Domenica 23 aprile si vota per il primo turno ed è già certo che nessuno degli 11 candidati raggiungerà il 50 per cento più 1 dei voti validi. Partita solo parzialmente rinviata quindi al prossimo 7 maggio quando si terrà un secondo turno tra i due contendenti più votati.
La lunga campagna elettorale segnata dalle primarie dei socialisti e dei repubblicani, è stata movimentata e caratterizzata da un sali-scendi di percentuali, di sondaggi altalenanti, di colpi di scena, e soprattutto molti scandali.
E questo è il primo dato che sta caratterizzando le campagne elettorali dell’era digitale in occidente, che sembrano delineare almeno tre caratteristiche comuni nella comunicazione e propaganda politica.


La prima, una forte connotazione sull’immagine personale più che sui contenuti propositivi.
La seconda, consequenziale, più che uno scontro e un confronto sui programmi e le alleanze politiche, le campagne si connotano sempre più – anche grazie al web – come una “propensione a scavare nel torbido” e abbattere l’immagine positiva del candidato (con veri o falsi o relativi scandali, sempre più personali e non necessariamente politici).
La terza, la rincorsa su parole chiave comuni e di interesse diffuso, più che su slogan e temi propri e caratterizzanti.


Queste tre caratteristiche allontanano i temi della politica e riconducono le competizioni elettorali su un appiattimento anche lessicale condizionato fortemente dai fatti di cronaca.
Fatta eccezione per la seconda guerra mondiale – e negli Stati Uniti durante la guerra in Vietnam – mai prima d’ora le questioni sovranazionali (dall’Europa al rapporto con la Russia di Putin alle questioni legate al terrorismo internazionale e all’interventismo).


I maggiori candidati i campo sono cinque.



Il socialista Benoit Hamon, il vincitore (a sorpresa) delle primarie dello scorso novembre. Il Psf, al governo dal 2012, rischia oggi di ottenere uno dei risultati peggiori di sempre, al di sotto addirittura del 10% al primo turno. Da una parte il peso dell’eredità di uno dei governi con il più basso gradimento politico mai registrato, dall’altra l’incapacità di Hamon, sono considerate le cause principali della crisi dei socialisti.
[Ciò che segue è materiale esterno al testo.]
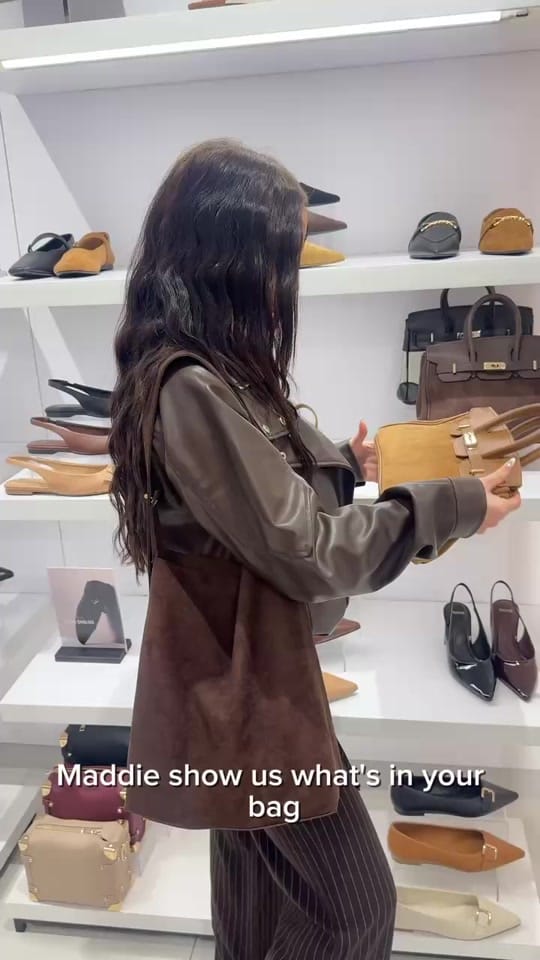 Post 6 by novoshoes on TikTok (video)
Tanto che l’ala moderata del partito (tra cui Manuel Valls, lo sconfitto illustre delle primarie) si è gradualmente spostata verso Macron e molti elettori di sinistra si sono avvicinati al più radicale Mélenchon.


La vera sorpresa di questa campagna elettorale sembra essere proprio Jean-Luc Mélenchon, “campione” dell’estrema sinistra con un passato nelle fila del Psf, abbandonato nel 2008 per divergenze con Ségolène Royal. E’ proprio nel 2008 che fonda il nuovo Partito della Sinistra e nel 2009 viene eletto all’Europarlamento.
Nelle ultime settimane le sue quotazioni hanno subito un’improvvisa accelerata – complici le buone performance televisive, i comizi super-affollati e una proposta politica decisamente radicale sia in materia economiche che sociali – tanto che diverse rilevazioni lo danno ormai stabilmente intorno al 20%, a giocarsi la sua France insoumise la terza piazza.


Un favorito c’è ed è Emmanuel Macron. Ex ministro dell’Economia tra il 2014 e il 2016 con il governo Valls, 39 anni, Macron ha lasciato il Partito socialista per fondare En Marche! (In cammino!) il suo movimento che viene considerato “di centro” perché pesca sia dalla tradizione di sinistra in termini di diritti e da quella liberale di destra in termini di politiche economiche. Strenuo sostenitore dell’Unione Europea, è il candidato che ha giovato maggiormente degli scandali che hanno colpito il candidato gollista Fillon.


Il vero “deluso” di questa campagna elettorale è sicuramente François Fillon, candidato del principale partito di centrodestra che alle primarie ha sbaragliato la concorrenza, tra gli altri, di Alain Juppé e dell’ex presidente Nicolas Sarkozy. Esponente dell’ala destra dei Républicains, veniva considerato il migliore antidoto all’avanza dell’estrema droit di Marine Le Pen.
A segnare negativamente la sua campagna elettorale è stato lo scandalo legato al compenso che per anni ha garantito alla moglie Pénélope per il ruolo di assistente parlamentare da lei di fatto mai svolto. Il fatto ha avuto una presa enorme sull’opinione pubblica, tanto che in molti hanno chiesto (inutilmente) a Fillon di fare un passo indietro a favore di Juppé.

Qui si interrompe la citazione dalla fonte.